Information shown section start

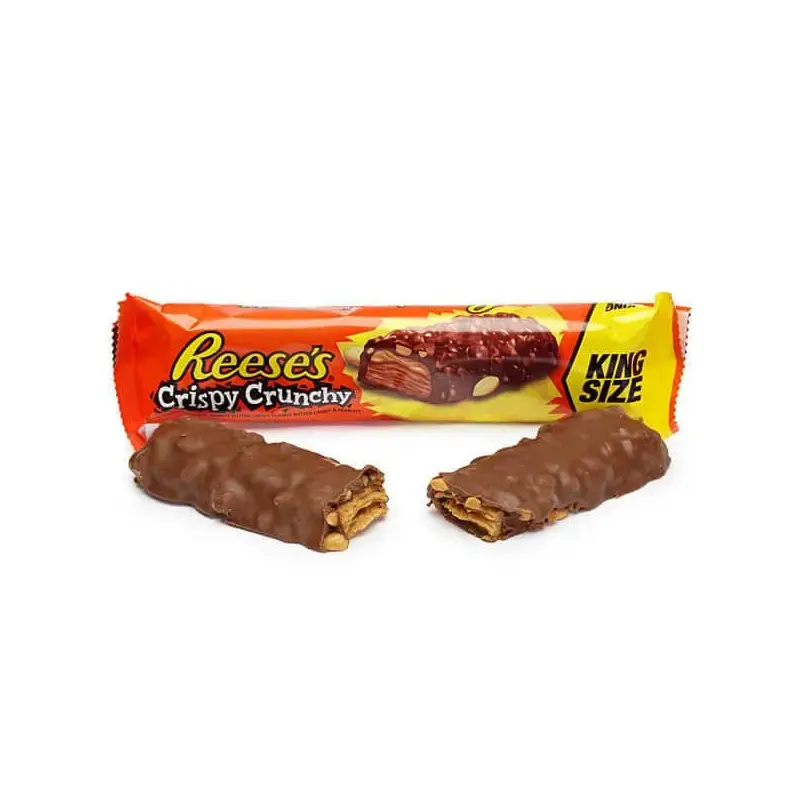 Reese's Crispy Crunchy King Size Candy Bars: 18-Piece Box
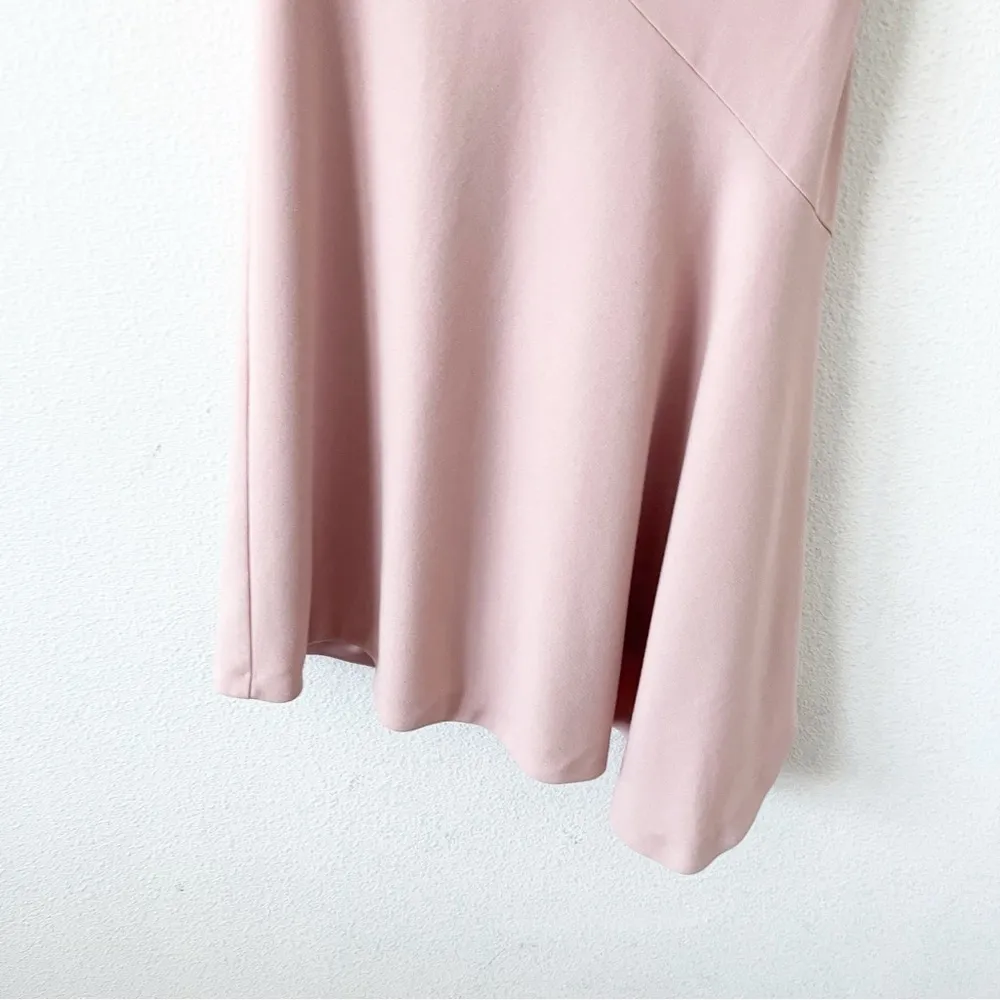 L.K Bennett Dr Lenny Asymmetrical Dress in Rose Pink - Image 4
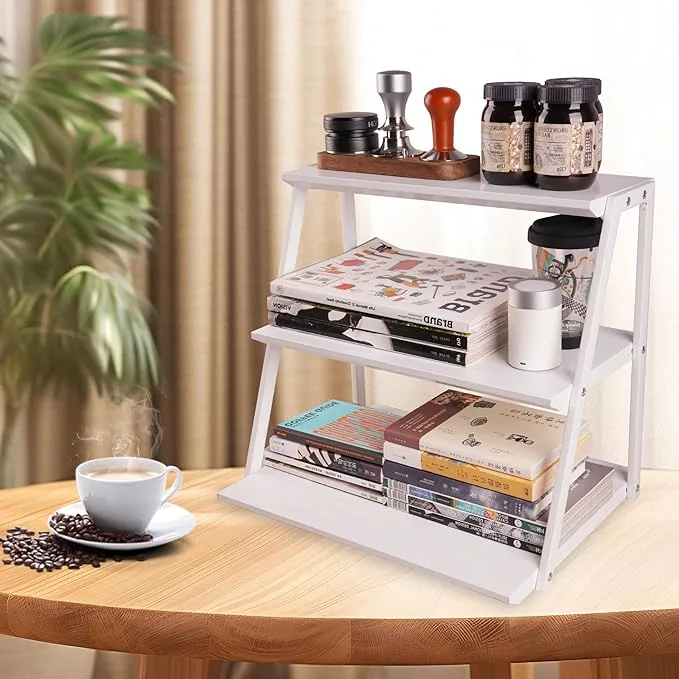 White candy&snack display rack Table top retail store display shelf — view 6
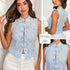 P4067 BLUSA BLONDA AZUL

Information shown section end

Exactly as written, set down the lines from the line holding "White candy&snack display" to the last line of the data, both ends included, pictures excluded.

 White candy&snack display rack Table top retail store display shelf — view 6
 P4067 BLUSA BLONDA AZUL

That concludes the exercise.